*** Record excerpts Section Begins ***

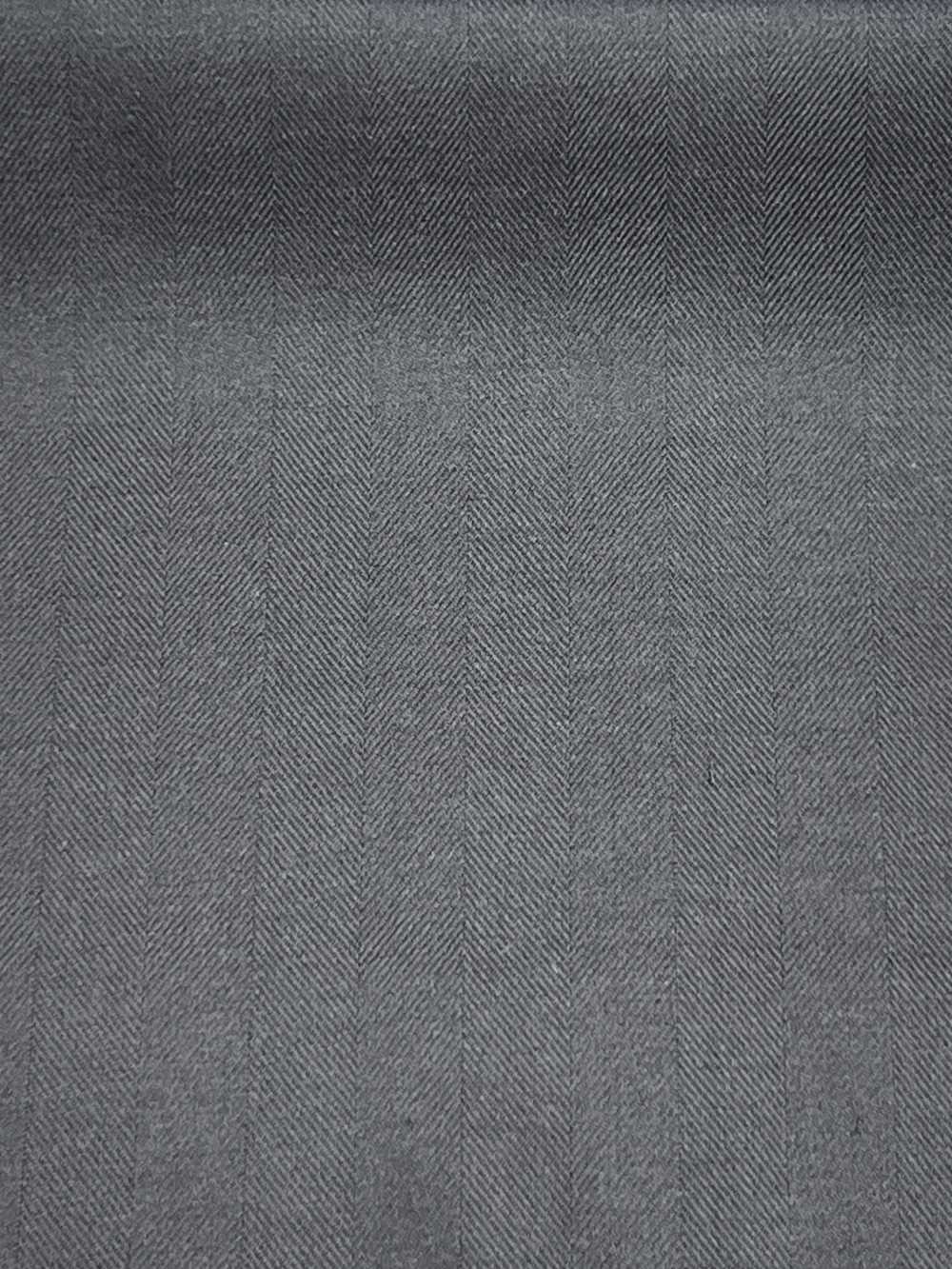 896S2618-88 Chỉ Chỉ đơn NIKKE NIKKE Black Dệt Xương Cá 120[Vải] NIKKE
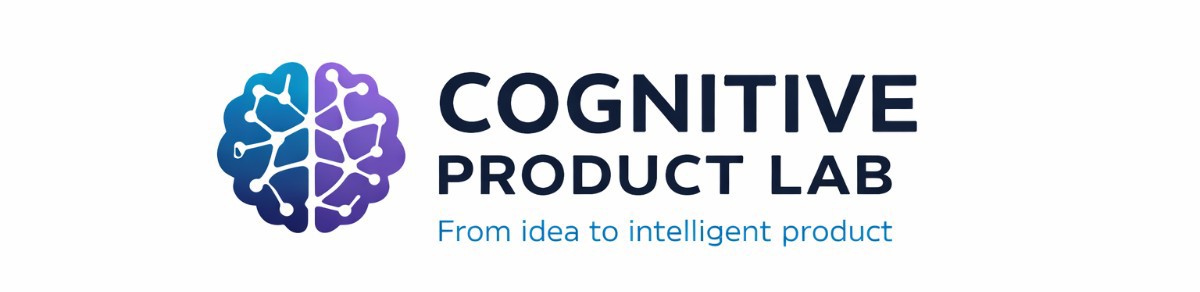 Cognitive Product Lab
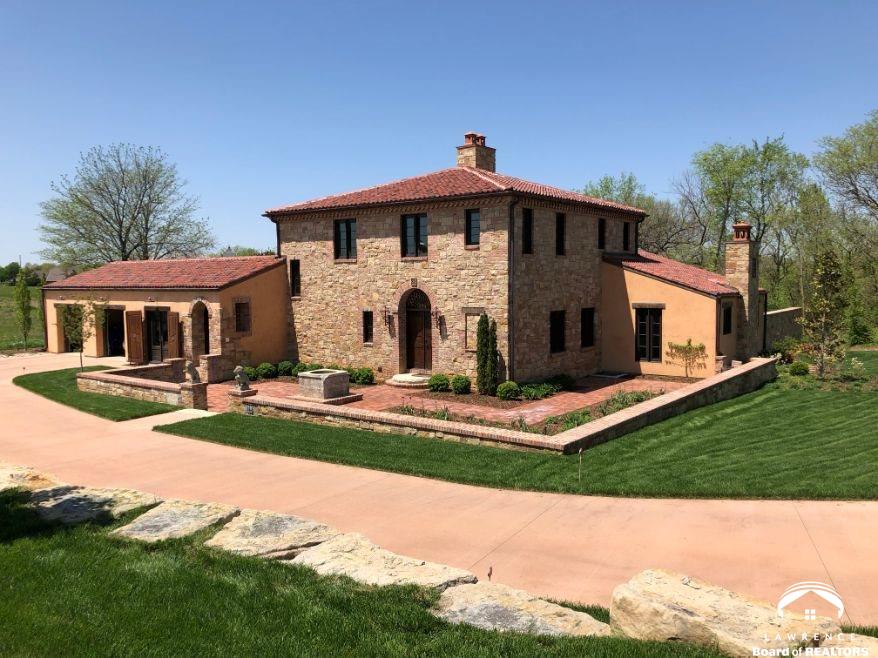 Lawrence Homes For Sale Mcgrew Real Estate Mcgrew Real Estate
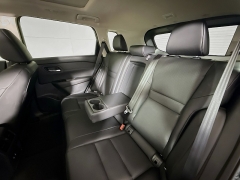 New 2026  Nissan Rogue 2026&period;5 AWD Dark Armor at Dutro Auto near Zanesville&comma; OH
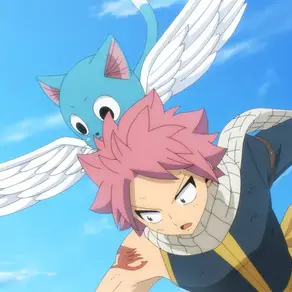 Fairy Tail: 100 Years Quest | Vídeo revela novas músicas temas da série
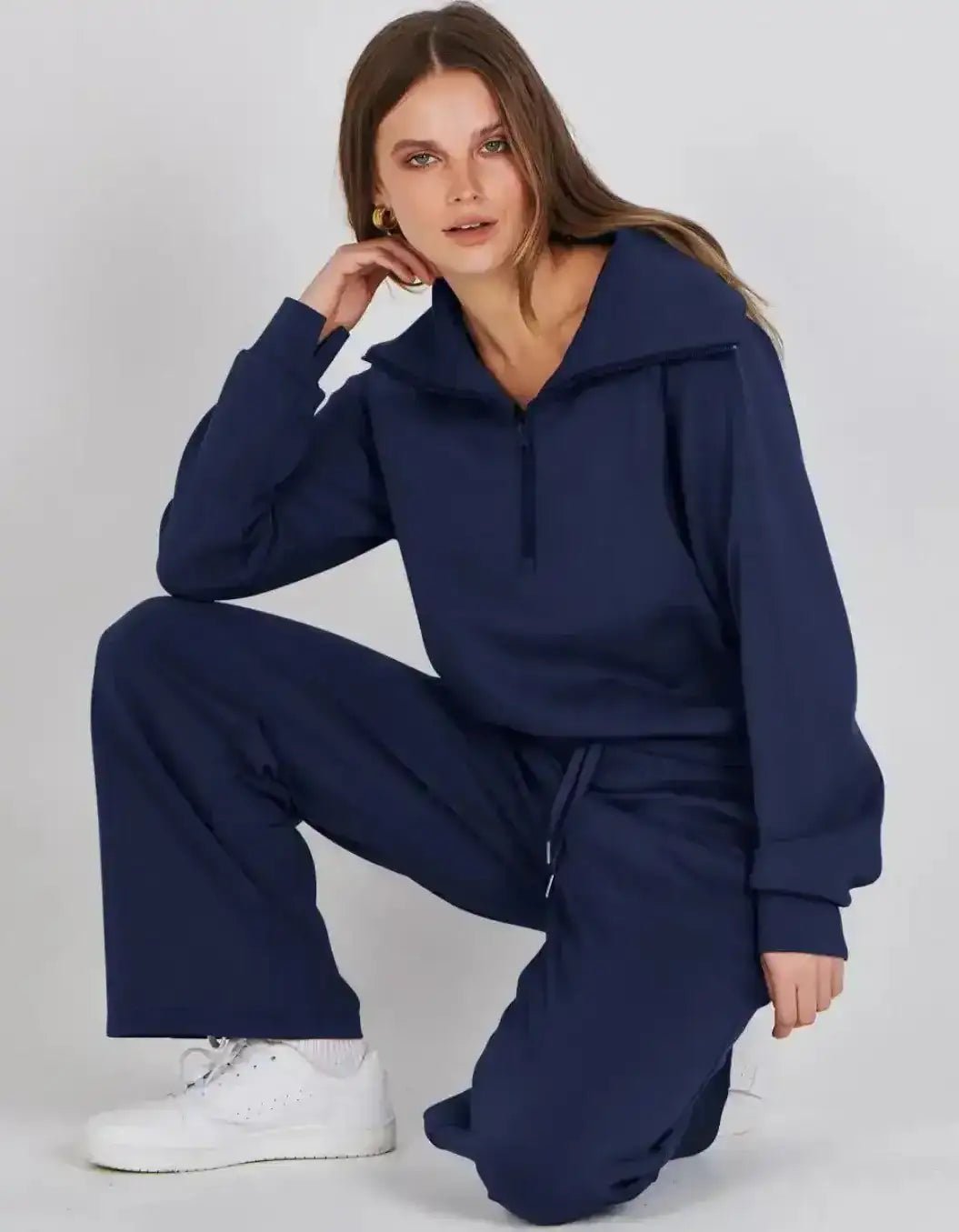 Conjunto Estela - Modazzy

*** Record excerpts Section Ends ***

§ Prompt
All of the data gets printed again exactly; the pictures do not.

§ Solution for this task
 896S2618-88 Chỉ Chỉ đơn NIKKE NIKKE Black Dệt Xương Cá 120[Vải] NIKKE
 Cognitive Product Lab
 Lawrence Homes For Sale Mcgrew Real Estate Mcgrew Real Estate
 New 2026  Nissan Rogue 2026&period;5 AWD Dark Armor at Dutro Auto near Zanesville&comma; OH
 Fairy Tail: 100 Years Quest | Vídeo revela novas músicas temas da série
 Conjunto Estela - Modazzy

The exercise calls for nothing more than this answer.